Andrea Flory betonte: „Wir begrüßen die Stadt Maintal herzlich in unserem Vorhaben ‚Kinderfreundliche Kommunen‘. Maintal hat bereits Zeichen gesetzt, dass ihr die Berücksichtigung von Kinder- und Jugendinteressen wichtig ist. Dafür sprechen Institutionen wie der Beirat ‚Kinderfreundliche Stadt Maintal‘, die Kinderbeauftragte sowie das kinder- und jugendpolitische Konzept der Stadt. Nun wird es unter anderem darum gehen, die Beteiligung der jungen Bürger_innen in Maintal zu stärken und nachhaltig zu verankern. So kann Politik und Verwaltung von Kindern und Jugendlichen als Expert_innen in eigener Sache viel lernen.

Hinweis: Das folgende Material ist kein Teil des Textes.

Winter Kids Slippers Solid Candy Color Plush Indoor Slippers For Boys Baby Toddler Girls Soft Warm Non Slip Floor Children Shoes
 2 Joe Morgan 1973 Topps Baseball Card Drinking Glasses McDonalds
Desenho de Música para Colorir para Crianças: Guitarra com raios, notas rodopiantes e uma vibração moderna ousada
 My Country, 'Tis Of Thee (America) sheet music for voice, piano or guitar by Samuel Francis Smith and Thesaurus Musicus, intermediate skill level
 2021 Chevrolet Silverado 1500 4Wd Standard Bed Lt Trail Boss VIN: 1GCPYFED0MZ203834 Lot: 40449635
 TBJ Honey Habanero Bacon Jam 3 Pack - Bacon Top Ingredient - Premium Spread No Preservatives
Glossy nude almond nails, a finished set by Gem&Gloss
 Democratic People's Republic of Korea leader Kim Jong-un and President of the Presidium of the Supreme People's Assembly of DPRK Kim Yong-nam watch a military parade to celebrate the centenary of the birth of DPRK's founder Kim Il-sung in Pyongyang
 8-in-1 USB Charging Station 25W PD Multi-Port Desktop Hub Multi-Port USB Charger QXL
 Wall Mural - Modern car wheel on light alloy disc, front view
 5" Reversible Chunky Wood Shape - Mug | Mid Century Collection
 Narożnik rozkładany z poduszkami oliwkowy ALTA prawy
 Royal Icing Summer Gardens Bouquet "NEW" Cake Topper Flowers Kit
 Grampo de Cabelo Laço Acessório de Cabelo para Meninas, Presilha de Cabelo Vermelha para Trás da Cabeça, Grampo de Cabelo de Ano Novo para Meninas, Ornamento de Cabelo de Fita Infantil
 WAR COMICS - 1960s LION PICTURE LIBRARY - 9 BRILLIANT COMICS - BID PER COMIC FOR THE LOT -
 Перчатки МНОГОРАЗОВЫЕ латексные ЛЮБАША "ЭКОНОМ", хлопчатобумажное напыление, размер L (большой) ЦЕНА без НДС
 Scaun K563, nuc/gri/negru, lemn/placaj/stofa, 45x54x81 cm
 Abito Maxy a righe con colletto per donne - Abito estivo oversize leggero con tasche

Wir freuen uns, Maintal auf diesem Weg zu begleiten.“

Das Programm „Kinderfreundliche Kommunen“ läuft vier Jahre und kann anschließend verlängert werden. Das Vorhaben wurde 2012 in Deutschland ins Leben gerufen und basiert auf den internationalen Erfahrungen aus der Child Friendly Cities Initiative. Diese setzt sich seit 1996 international dafür ein, die Kinderrechte auf kommunaler Ebene zu verwirklichen. In Deutschland haben sich bereits zahlreiche Kommunen der Initiative angeschlossen – darunter Köln, Potsdam, Regensburg, Stuttgart und Wolfsburg. In Hessen sind Hanau, Taunusstein, Oestrich-Winkel, Eltville, Lampertheim und jetzt Maintal mit dabei. Damit ist Hessen das Bundesland mit den meisten an der Initiative beteiligten Kommunen.

Das Vorhaben „Kinderfreundliche Kommunen“ wird gefördert vom Bundesministerium für Familie, Senioren, Frauen und Jugend.